As the kingdom of Saudi Arabia is all set to unilaterally slash 1 million barrels a day from its crude oil production starting July, its shipments to the west could get much more affected than its exports to Asia, which happens to be its primary market and also lacks transparent oil inventory feedback like the US does, as per one of the columnists from Bloomberg.
It is well to be noted that on various occasions in the time that has gone by, Saudi Arabia has prominently gone on to lower its crude shipments to the US in the endeavour to tighten that market, which apparently goes on to report oil as well as product data on a weekly basis, unlike nations like India and China, which rarely, if at all, report strategic or commercial oil stockpiles.
Significantly, early in June, the producers in OPEC took a decision to keep the present cuts until 2024; however, the consortium’s top producer, Saudi Arabia, remarked that it would voluntarily lessen production by a million barrels per day in July to almost 9 million barrels per day. The cut can very well be extended beyond the month of July, said Prince Abdulaziz bin Salman, the kingdom’s energy minister.
The level of production in July will go on to be the lowest that the country has ever hit since 2011, excluding the pre-cuts post-COVID-19 outbreak in 2020 and a deliberate lowered production post-the attack on Aramco’s factories in September 2019.
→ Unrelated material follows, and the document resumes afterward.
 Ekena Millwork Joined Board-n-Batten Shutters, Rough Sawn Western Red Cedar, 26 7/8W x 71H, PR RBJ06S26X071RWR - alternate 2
Even after the cut in production that the Kingdom announced for July this year, Aramco, which happens to be the world’s largest exporter of crude oil, reportedly assured a minimum of five North Asian refiners that they were going to get the full crude volumes that they had asked for for the month of July.
The fact is that by prioritising supplies to the evergreen Asian market, Aramco may very well lower the shipments to the US so as to force a major tightening of the market that would thereby be reflective in the inventory reports. Furthermore, Aramco happens to be the controller of the largest refinery by capacity in the US, Motiva, and can very well influence supplies to the 630,000 barrels per day facility located in Port Arthur as well, remarks Bloomberg.